NIPS is getting big. If you think of each day as a conference crammed into a day, you get a good flavor of things. Here are some of the interesting things I saw.
- Grammar as a foreign language. Essentially, attention model + LSTM + a standard dataset = good parser.
- A New View of Predictive State Methods for Dynamical System Learning. Predicting future from past and future+1 from past allows you to form an estimate of system dynamics.
- Double or Nothing: Multiplicative Incentive Mechanisms for Crowdsourcing (Much) better labeling by better incentives.
- Hidden Technical Debt in Machine Learning Systems. A somewhat less vivid title than the earlier one which is entirely worth reading if you worry about ML systems.
- Bandits with Unobserved Confounders: A Causal Approach. In systems where a ‘default action’ exists, the act of intervening is not so simple.

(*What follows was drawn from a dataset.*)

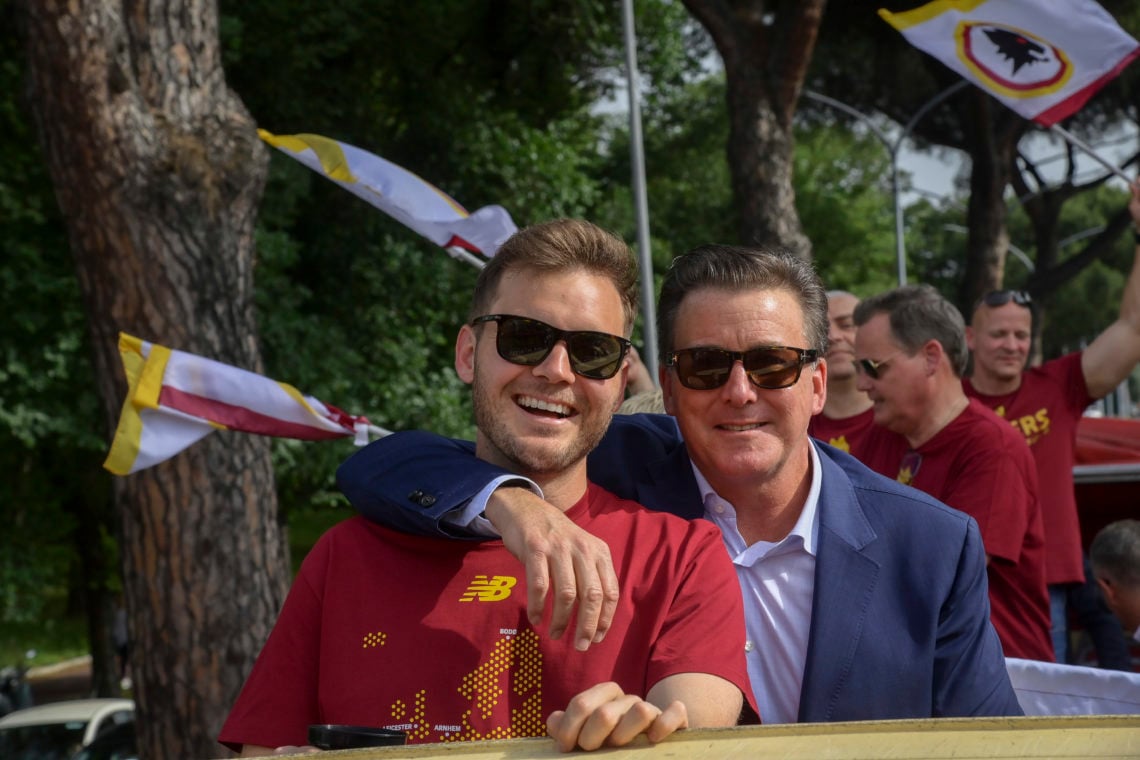 Photo by Fabio Rossi/AS Roma via Getty Images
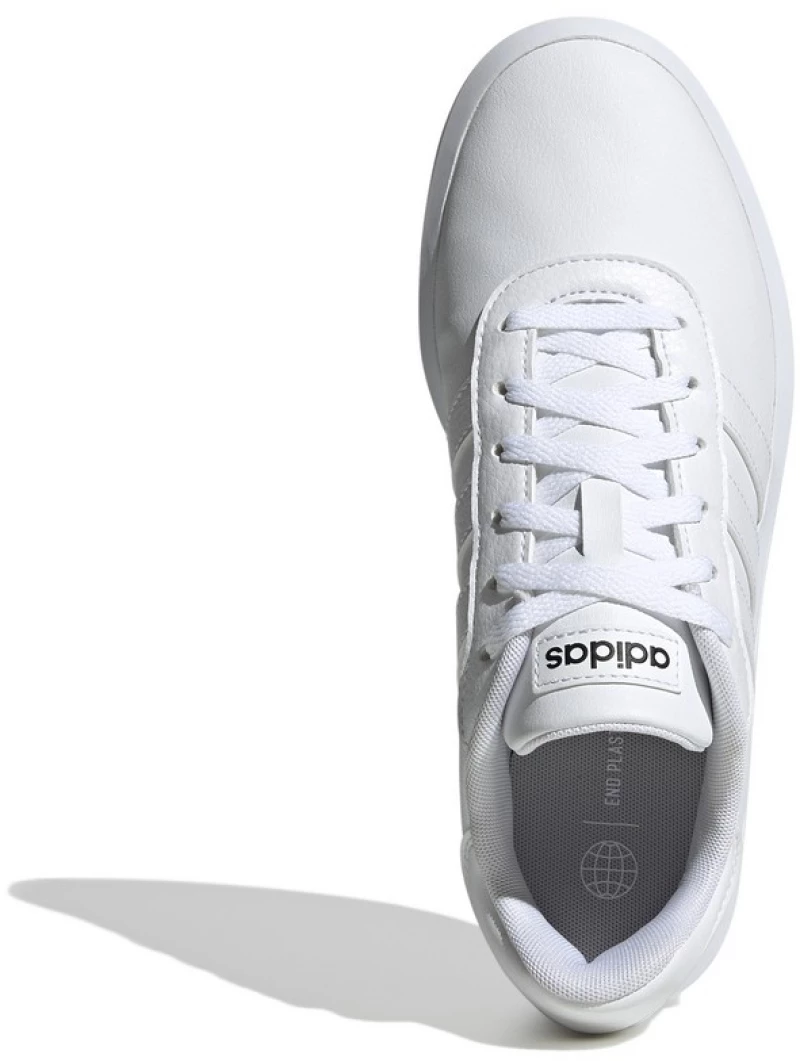 adidas COURT PLATFORM GV9000 ADIDAS Λευκό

- The Self-normalized Estimator for Counterfactual Learning. A good idea for reducing variance contextual bandit situations.
- Character-level Convolutional Networks for Text Classification. Extensive empirical experiments showing that character alphabets can be effective for NLP tasks.
- Sample Complexity of Episodic Fixed-Horizon Reinforcement Learning. A yet-tighter form of RL MDP learning.
- On Elicitation Complexity. How many questions do you need to ask to get answers to questions about distributions? This has strong implications on learning algorithm design.
- End-to-End Memory Networks. There are not many algorithms for coherently forming pools of memory and using them to answer questions.
- Inferring Algorithmic Patterns with Stack-Augmented Recurrent Nets. Another way to add memory to a learning system.
- Scalable Semi-Supervised Aggregation of Classifiers. Better results for classifier aggregation in transductive settings.
Two other notable events happened during NIPS.
- The Imagenet challenge and MS COCO results came out. The first represents a significant improvement over previous years (details here).
- The Open AI initiative started. Concerned billionaires create a billion dollar endowment to advance AI in a public(NOT Private) way. What will be done better than NSF (which has a similar(ish) goal)? I can think of many possibilities.
See also Seb’s post.
I think the first entry should be commented as “attention + LSTM + a standard dataset + a SotA parser = a good parser”…
Not that impressive from an NLP point of view.
That was pretty true with last year’s paper, but this paper looks better to me unless they left some result out.
Looking at Table 1, it looks like they are about 1.3% behind the best-known result using just WSJ data on WSJ 23. That’s a good-if-not SotA parser.
Adding in the SotA parser(s) to label a high confidence set, they end up .4% better than the best result listed.